Your objective — In the listing below, start your output at the line with "Detail view of" and end it after the line with "Stephanie wears glasses", copying every line exactly.

Source data —
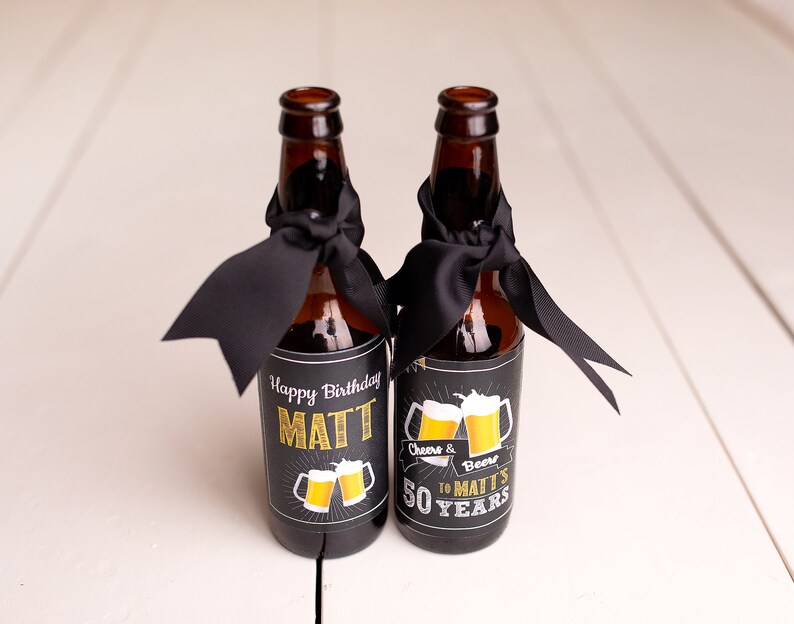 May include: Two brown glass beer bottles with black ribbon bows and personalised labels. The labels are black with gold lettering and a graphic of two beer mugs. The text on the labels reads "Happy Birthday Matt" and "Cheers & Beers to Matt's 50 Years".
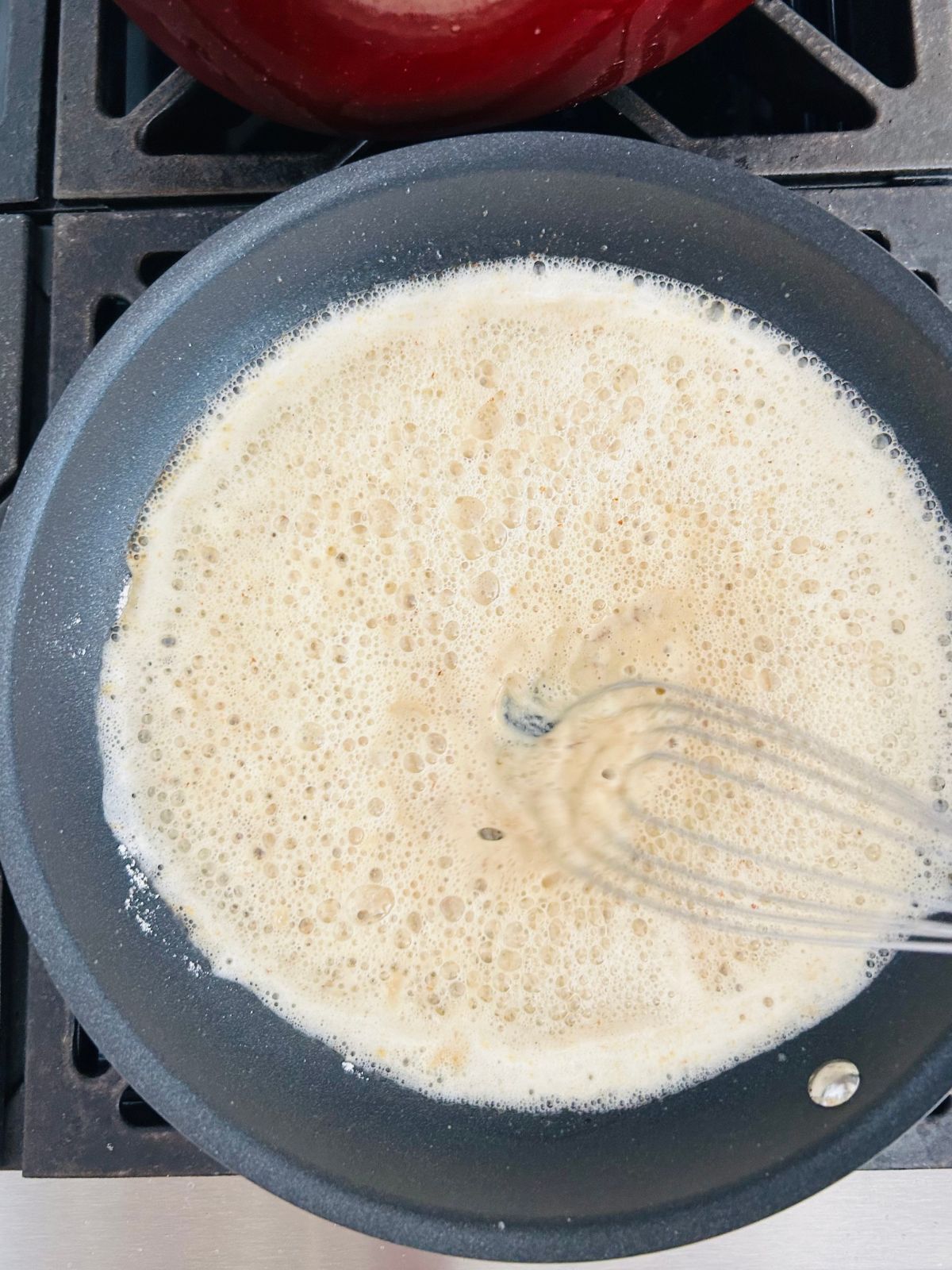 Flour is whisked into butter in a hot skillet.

==

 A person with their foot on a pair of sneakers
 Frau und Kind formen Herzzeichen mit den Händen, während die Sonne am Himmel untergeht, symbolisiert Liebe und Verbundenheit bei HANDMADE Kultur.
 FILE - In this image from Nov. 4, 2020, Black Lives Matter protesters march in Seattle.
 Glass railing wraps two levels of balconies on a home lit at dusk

...

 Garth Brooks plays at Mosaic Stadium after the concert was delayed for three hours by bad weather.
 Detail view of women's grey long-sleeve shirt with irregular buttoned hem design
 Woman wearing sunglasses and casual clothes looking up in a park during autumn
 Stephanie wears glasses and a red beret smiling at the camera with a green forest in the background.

Response to the task —
 Detail view of women's grey long-sleeve shirt with irregular buttoned hem design
 Woman wearing sunglasses and casual clothes looking up in a park during autumn
 Stephanie wears glasses and a red beret smiling at the camera with a green forest in the background.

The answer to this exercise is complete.